PROBLEM:
Repeat the data word for word and skip the pictures.

SUPPLIED INFORMATION:

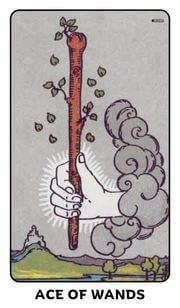 Ace of Wands Tarot Card
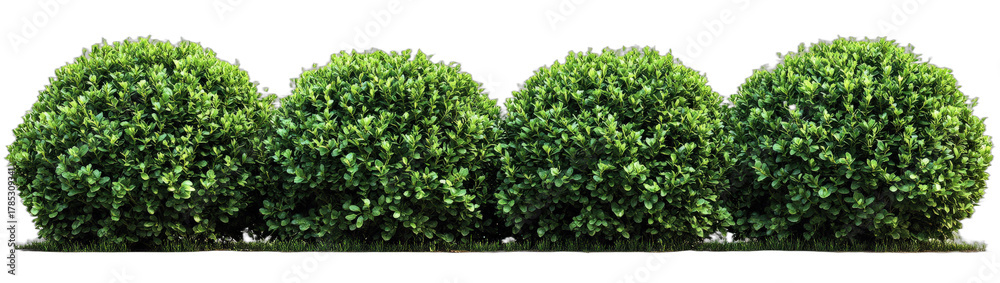 Obraz premium Four neatly trimmed green bush balls in a row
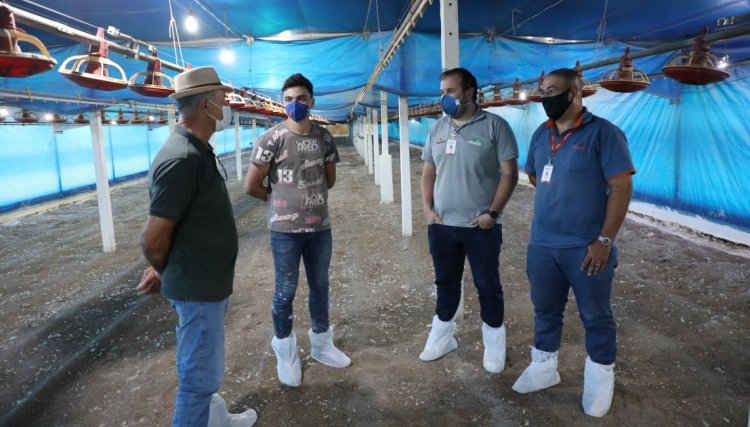 Com R$ 1,6733 por cabeça de frango, avicultor da Copacol bate recorde de preço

RESULT OF THIS EXERCISE:
 Ace of Wands Tarot Card
 Obraz premium Four neatly trimmed green bush balls in a row
 Com R$ 1,6733 por cabeça de frango, avicultor da Copacol bate recorde de preço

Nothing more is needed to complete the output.